Data below —
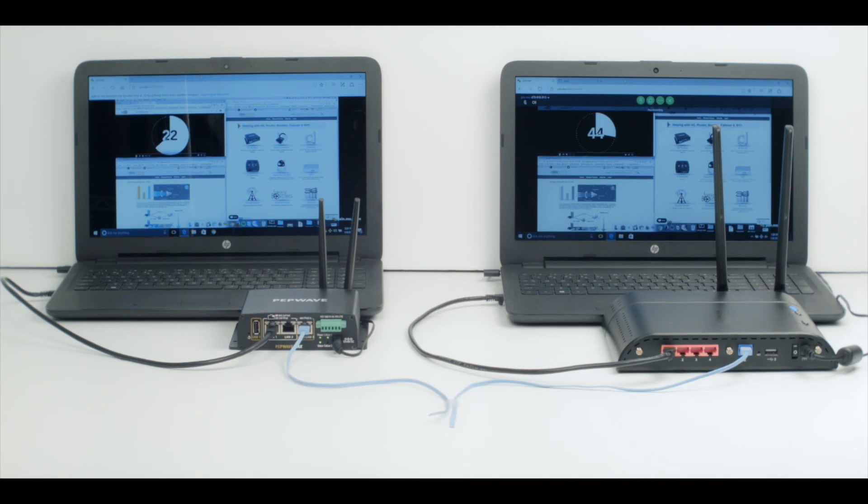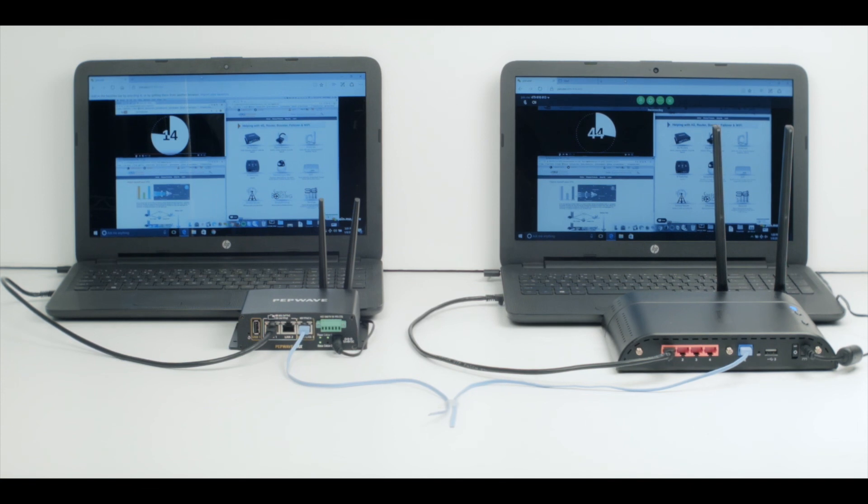The whole time, the router on the left has continued on completely uninterrupted, demonstrating the exact difference between always-on connectivity with SpeedFusion and typical failover routers.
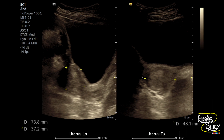Here you can see the longitudinal and transverse sections of the uterus. It looks quite normal — you can see the endometrial echoes. The urinary bladder also looks quite normal.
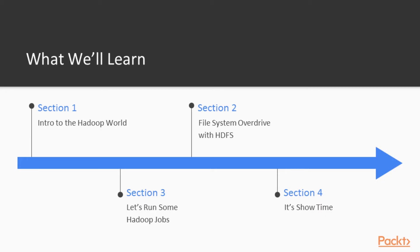So we'll go forward just like this. In the beginning we'll start the introduction with the Hadoop world. We're going to learn about what the different nomenclatures that we use in Hadoop world mean. We also need to think about how we can think parallelly to solve a particular problem.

Task requirements —
Return all of the material precisely as written. No picture belongs in it.

Your response —
The whole time, the router on the left has continued on completely uninterrupted, demonstrating the exact difference between always-on connectivity with SpeedFusion and typical failover routers.
Here you can see the longitudinal and transverse sections of the uterus. It looks quite normal — you can see the endometrial echoes. The urinary bladder also looks quite normal.
So we'll go forward just like this. In the beginning we'll start the introduction with the Hadoop world. We're going to learn about what the different nomenclatures that we use in Hadoop world mean. We also need to think about how we can think parallelly to solve a particular problem.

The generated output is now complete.